[HN Gopher] Bresenham's Circle Drawing Algorithm (2021)
___________________________________________________________________
Bresenham's Circle Drawing Algorithm (2021)
Author : RojerGS
Score : 85 points
Date : 2024-08-30 22:53 UTC (1 days ago)
(HTM) web link (funloop.org)
(TXT) w3m dump (funloop.org)
| KingOfCoders wrote:
| What I found most amazing about Bresenham during my Amiga days,
| is how you can use it to zoom and shrink bitmaps.
| corysama wrote:
| Do note that Bresenham's family of algorithms (and much of the
| venerable Computer Graphics Principles and Practice) are from a
| bygone era where computers executed 1 instruction per cycle
| without pipelining or prediction.
|
| These days processors prefer to draw shapes by having a coarse
| grained pass that conservatively selects tiles of interest then
| brute-force evaluates each pixel in each tile independently of
| all others.
|
| Instead of minimizing total work, the goal is to maximize
| pipelined parallelism while skipping over unnecessary work in
| large blocks.
| eru wrote:
| It's also from an era when floats were rather expensive.
| mabster wrote:
| I still picture them as expensive. Things like trig functions
| are still very expensive.
| eru wrote:
| Yes, but here it's about avoiding multiplication (and
| division).
|
| I suspect on a modern processor the branches (ie "if"s) in
| Bresenham's algorithm are gonna be more expensive than the
| multiplications and divisions in the naive algorithm.
| ack_complete wrote:
| Bresenham is easy to implement branchlessly using
| conditional moves or arithmetic. It also produces a
| regular pattern of branches that is favorable for modern
| branch predictors that can do pattern prediction.
| dahart wrote:
| I learned relatively recently that trig functions on the
| GPU are free if you don't use too many of them; there's a
| separate hardware pipe so they can execute in parallel with
| floats adds and muls. There's still extra latency, but
| it'll hide if there's enough other stuff in the vicinity.
| sischoel wrote:
| The CUDA documenation tells me that there are more
| performant but less precise trigonometric functions:
| https://docs.nvidia.com/cuda/cuda-c-programming-
| guide/index....
|
| Do you know if that hardware pipeline works only for
| these intrinsic variants?
| dahart wrote:
| Yep, these intrinsics are what I was referring to, and
| yes the software versions won't use the hardware trig
| unit, they'll be written using an approximating spline
| and/or Newton's method, I would assume, probably mostly
| using adds and multiplies. Note the loss of precision
| with these fast-math intrinsics isn't very much, it's
| usually like 1 or 2 bits at most.
| mysterydip wrote:
| "yes, but" there's still places that can take advantage of such
| algorithms today, namely microcontrollers. I think some
| scripting languages may even apply here, although many
| interpreters do some level of compilation/optimization instead
| of serial execution.
| Someone wrote:
| > a bygone era where computers executed 1 instruction per cycle
| without pipelining or prediction
|
| 1 instruction per cycle? What luxury bygone era did you grow up
| in?
|
| Wikipedia tells me the algorithm is from 1962 on an IBM 1401 (h
| ttps://en.wikipedia.org/wiki/Bresenham's_line_algorithm#His...
|
| That definitely didn't have many single cycle instructions.
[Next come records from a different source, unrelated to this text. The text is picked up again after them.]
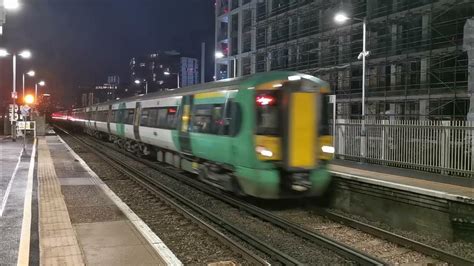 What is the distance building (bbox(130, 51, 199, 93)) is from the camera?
360 feet

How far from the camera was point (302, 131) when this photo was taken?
10.2 meters

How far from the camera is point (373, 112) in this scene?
3309 cm

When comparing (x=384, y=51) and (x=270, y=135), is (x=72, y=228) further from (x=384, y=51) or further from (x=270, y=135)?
(x=384, y=51)

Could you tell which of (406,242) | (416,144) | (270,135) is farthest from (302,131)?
(416,144)

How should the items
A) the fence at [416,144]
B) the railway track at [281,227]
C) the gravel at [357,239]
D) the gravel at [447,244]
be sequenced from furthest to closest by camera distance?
the fence at [416,144], the gravel at [447,244], the gravel at [357,239], the railway track at [281,227]

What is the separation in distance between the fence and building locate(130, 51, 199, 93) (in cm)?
8509

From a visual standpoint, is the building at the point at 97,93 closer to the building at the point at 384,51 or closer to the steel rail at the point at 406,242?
the building at the point at 384,51

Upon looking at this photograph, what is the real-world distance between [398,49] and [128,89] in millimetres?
81169

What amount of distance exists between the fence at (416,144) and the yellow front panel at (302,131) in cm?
472

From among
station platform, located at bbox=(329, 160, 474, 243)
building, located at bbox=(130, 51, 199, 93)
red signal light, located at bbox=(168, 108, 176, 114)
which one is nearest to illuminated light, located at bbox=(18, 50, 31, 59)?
red signal light, located at bbox=(168, 108, 176, 114)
| Skimming https://ibm-1401.info/A24-6447-0_1401_1460_Instruction
| _and_T..., I couldn't find any.
|
| Certainly, in the era of 8-bit CPUs like Z80 and 6502
| programmers would have been lyric about "1 instruction per
| cycle"
|
| Actually, did any CPU ever "execute 1 instruction per cycle
| without pipelining or prediction" (or, slightly looser "had
| fixed time instructions without pipelining or prediction")?
|
| RISC introduced fixed time instructions, but also pipelining.
| owisd wrote:
| Probably meant 'cycle' in the sense of instruction cycle,
| rather than clock cycle.
| Someone wrote:
| Even then, few CPUs execute all instructions in the same
| amount of time. Division, for example, still takes longer
| than a register move on most architectures. Multiplication,
| historically, did too.
|
| As a sibling comment points out, DSPs can be an exception.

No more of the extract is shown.